Catherine Mba, la dernière gardienne du Gabon, s’est éteinte
Elle s’en est allée dans le silence de la nuit, discrète jusqu’au bout, emportant avec elle un siècle de souvenirs et les secrets fondateurs d’une nation. Catherine Mba, née Moret, la dernière veuve du président Léon Mba, a tiré sa révérence dans la nuit du 9 au 10 novembre 2025, à l’âge de 107 ans. En elle, ce n’est pas seulement une femme qui disparaît, mais un chapitre vivant de l’histoire gabonaise qui se referme à jamais.
Son départ laisse un silence lourd de signification, une mélancolie qui transcende le chagrin personnel pour toucher à l’âme collective du Gabon.

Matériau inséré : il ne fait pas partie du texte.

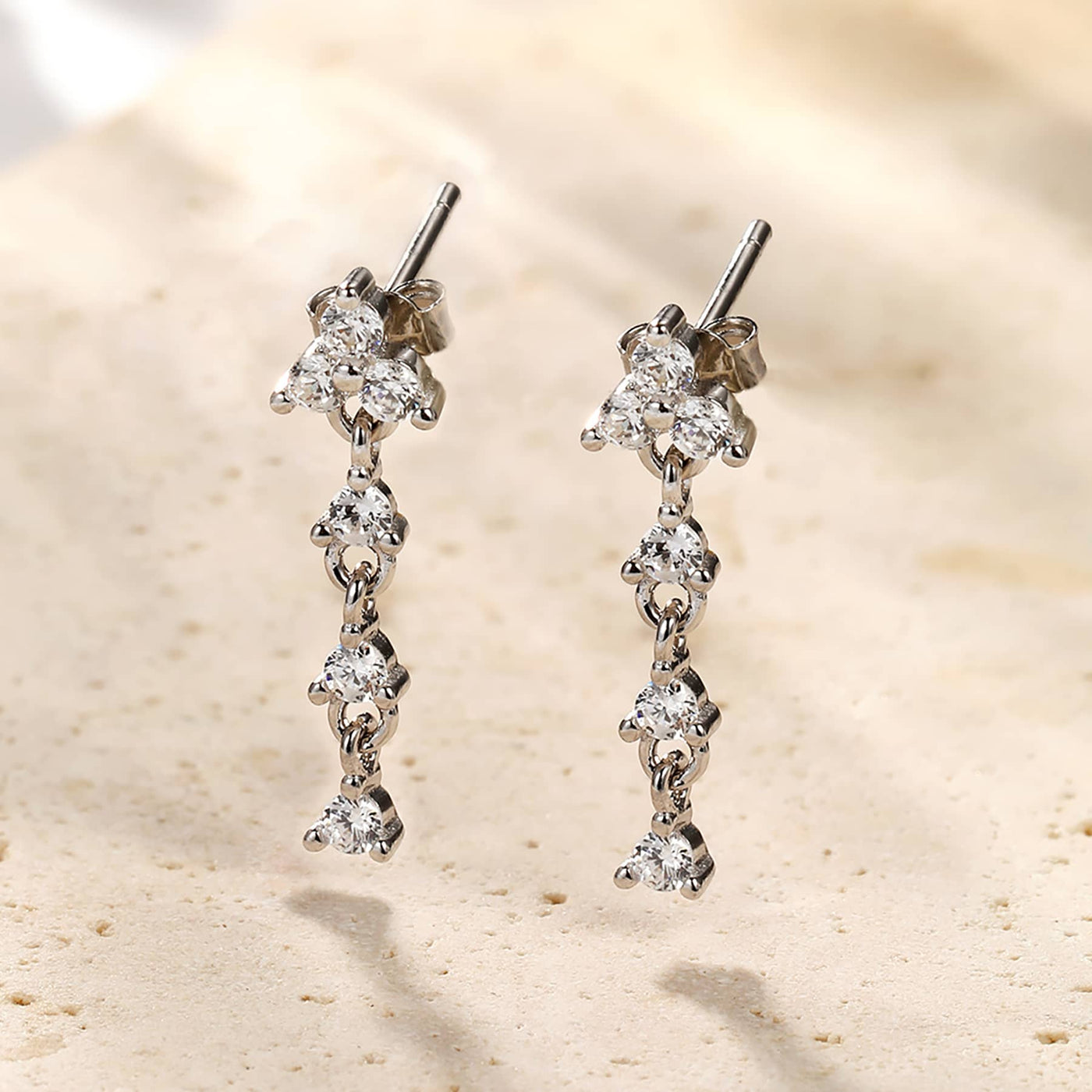 Trinity Drop Stud Earrings Sterling Silver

Elle était le dernier lien charnel avec l’épopée des origines, la gardienne silencieuse des serments et des idéaux qui virent naître la République. D’une dignité qui semblait imprenable, elle incarnait une époque révolue où l’honneur et le devoir n’étaient pas de vains mots, mais une boussole morale.

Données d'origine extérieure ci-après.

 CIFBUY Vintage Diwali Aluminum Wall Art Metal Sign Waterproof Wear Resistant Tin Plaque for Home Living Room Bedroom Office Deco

Une vie en filigrane de l’histoire nationale
Née un 15 mai 1918, alors que le Gabon était encore un territoire colonial, elle a traversé le XXᵉ siècle en témoin privilégié. Elle a vu son pays se métamorphoser, assisté aux soubresauts de l’Histoire et choisi, en épousant Léon Mba, de lier son destin à celui de la nation. Quatrième épouse, elle fut surtout l’ultime compagne, celle qui resta dans l’ombre pour mieux incarner la fidélité absolue.
Là ou d’autres recherchent souvent les feux de la rampe, elle a toujours fui les fastes du palais présidentiel, préférant la simplicité d’une vie retirée. Un choix qui en disait long sur sa nature profonde : une force tranquille, une pudeur érigée en art de vivre. Et quand la mort emporta « le Père de la Nation » en 1967, elle fit le vœu d’un veuvage éternel, comme un ultime hommage, une loyauté qui défierait le temps lui-même.

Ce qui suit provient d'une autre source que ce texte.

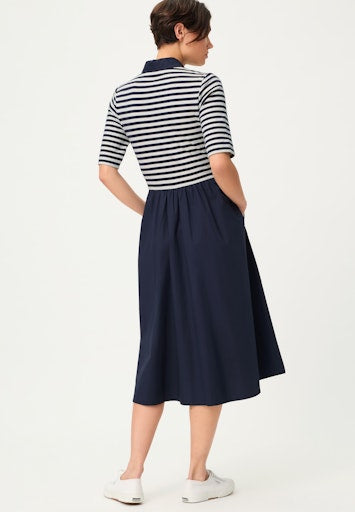 Olsen Ink Midi Dress, Shirt Collar, Part Button Front, Short Sleeve, Striped Bodice & Plain Skirt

L’ultime hommage d’une nation
En août 2024, une nation entière a pu lui dire merci. Fragile, mais le port encore altier, elle se tenait sur la tribune officielle pour le 64ᵉ anniversaire de l’indépendance. Sous les regards émus, le président de la Transition, Brice Clotaire Oligui Nguema, l’élevait à la dignité de Grand-Croix de l’Ordre de l’Étoile équatoriale. Ce jour-là, ce n’était pas une décoration qui était remise, mais la gratitude de tout un peuple à une femme qui, par sa seule existence, rappelait les promesses de l’aube.
« Elle représentait la loyauté et la paix », murmure un proche, dans un éloge funèbre à la mesure de la dame : sobre et puissant.
Aujourd’hui, le Gabon pleure plus qu’une femme. Il regarde s’éloigner l’ultime témoin de ses commencements. Catherine Mba s’est éteinte sans bruit, laissant derrière elle le souvenir lumineux d’une humble géante, dernier rempart d’une mémoire fondatrice. En elle s’éteint une flamme, mais son exemple, fait de silence, de force et de fidélité, continuera de veiller sur le Gabon, telle une douce et éternelle veilleuse.